Sparse arrays, or arrays that are mostly empty or filled with zeros, are
common in many scientific applications. To save space we often avoid
storing these arrays in traditional dense formats, and instead choose
different data structures. Our choice of data structure can
significantly affect our storage and computational costs when working
with these arrays.

## Design

The main data structure in this library follows the [Coordinate List
(COO)](https://en.wikipedia.org/wiki/Sparse_matrix#Coordinate_list_(COO))
layout for sparse matrices, but extends it to multiple dimensions.

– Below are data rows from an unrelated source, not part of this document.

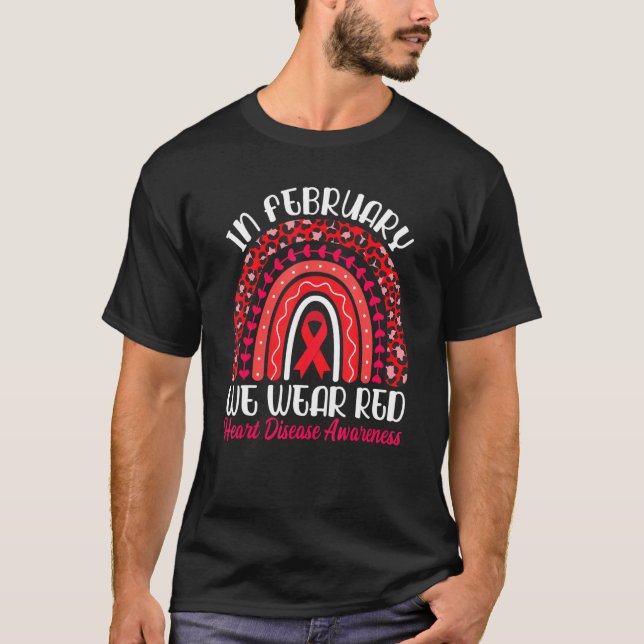 Camiseta Em fevereiro, Vestimos a Doença do Coração Vermelh (Frente)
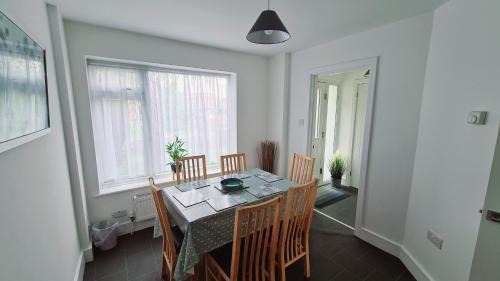 Rayleigh Maison | Station Heights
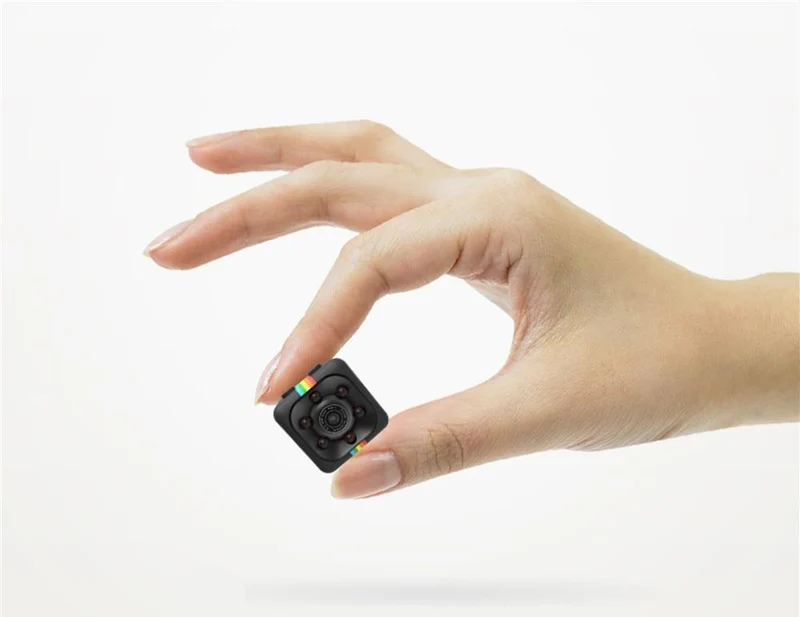 Mini Kamera 1080P HD – Bewegungserkennung, Loop-Aufnahme, 100 Min Akkulaufzeit, micro SD bis 32 GB, mit Halter für Auto & Fahrrad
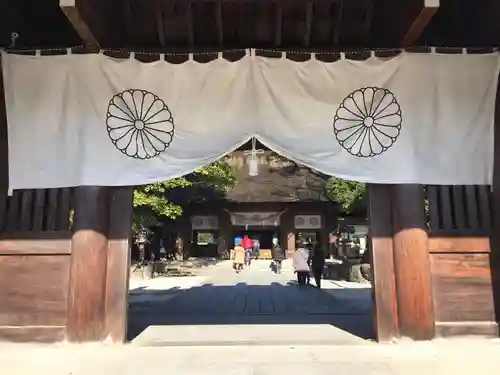 籠神社の山門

The COO layout, which stores the row index, column index, and value of
every element:


| row | col | data |
|-----|-----|------|
|   0 |   0 |   10 |
|   0 |   2 |   13 |
|   1 |   3 |   9  |
|   3 |   8 |   21 |

It is straightforward to extend the COO layout to an arbitrary number of
dimensions:


| dim1 | dim2 | dim3 | \... | data |
|------|------|------|------|------|
|   0  |   0  |   0  |   .  |   10 |
|   0  |   0  |   3  |   .  |   13 |
|   0  |   2  |   2  |   .  |   9  |
|   3  |   1  |   4  |   .  |   21 |

This makes it easy to *store* a multidimensional sparse array, but we
still need to reimplement all of the array operations like transpose,
reshape, slicing, tensordot, reductions, etc., which can be challenging
in general.

This library also includes several other data structures. Similar to
COO, the [Dictionary of Keys
(DOK)](https://en.wikipedia.org/wiki/Sparse_matrix#Dictionary_of_keys_(DOK))
format for sparse matrices generalizes well to an arbitrary number of
dimensions. DOK is well-suited for writing and mutating. Most other
operations are not supported for DOK. A common workflow may involve
writing an array with DOK and then converting to another format for
other operations.

The [Compressed Sparse Row/Column
(CSR/CSC)](https://en.wikipedia.org/wiki/Sparse_matrix#Compressed_sparse_column_(CSC_or_CCS))
formats are widely used in scientific computing are now supported by
pydata/sparse. The CSR/CSC formats excel at compression and mathematical
operations. While these formats are restricted to two dimensions,
pydata/sparse supports the GCXS sparse array format, based on [GCRS/GCCS
from](https://ieeexplore.ieee.org/abstract/document/7237032/similar#similar)
which generalizes CSR/CSC to n-dimensional arrays. Like their
two-dimensional CSR/CSC counterparts, GCXS arrays compress well. Whereas
the storage cost of COO depends heavily on the number of dimensions of
the array, the number of dimensions only minimally affects the storage
cost of GCXS arrays, which results in favorable compression ratios
across many use cases.

Together these formats cover a wide array of applications of sparsity.
Additionally, with each format complying with the
[`numpy.ndarray`][] interface and following
the appropriate dispatching protocols, pydata/sparse arrays can interact
with other array libraries and seamlessly take part in
pydata-ecosystem-based workflows.

## LICENSE

This library is licensed under BSD-3.